▶ _Dataset entries_
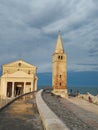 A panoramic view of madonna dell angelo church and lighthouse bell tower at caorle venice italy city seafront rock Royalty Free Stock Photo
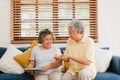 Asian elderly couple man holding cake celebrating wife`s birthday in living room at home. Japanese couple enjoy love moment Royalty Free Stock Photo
==
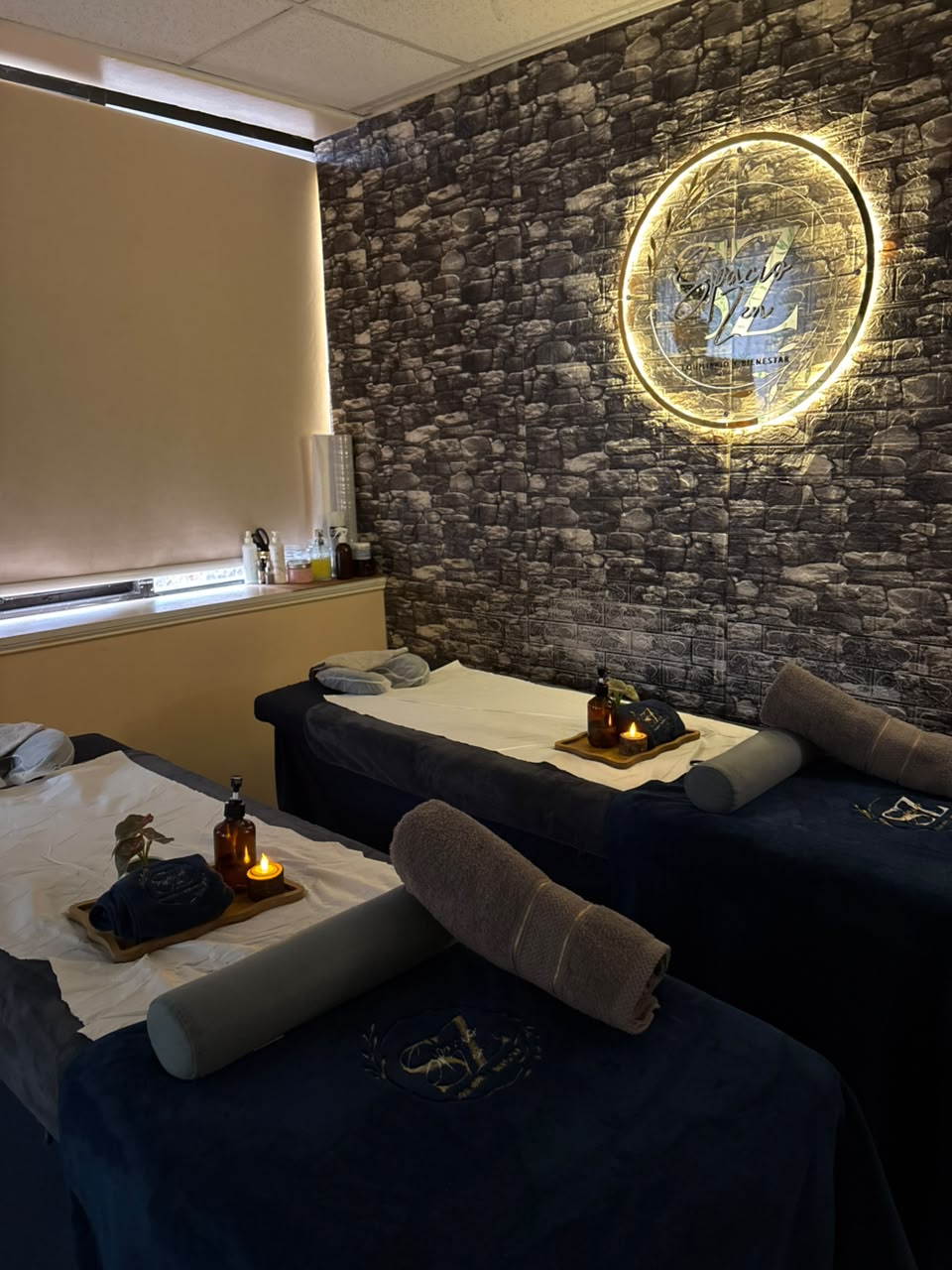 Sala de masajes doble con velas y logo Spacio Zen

▶ _Your objective_
Look above for the line containing "A panoramic view" and the line containing "Asian elderly couple", then reproduce both and everything between them exactly, pictures omitted.

▶ _Response area_
 A panoramic view of madonna dell angelo church and lighthouse bell tower at caorle venice italy city seafront rock Royalty Free Stock Photo
 Asian elderly couple man holding cake celebrating wife`s birthday in living room at home. Japanese couple enjoy love moment Royalty Free Stock Photo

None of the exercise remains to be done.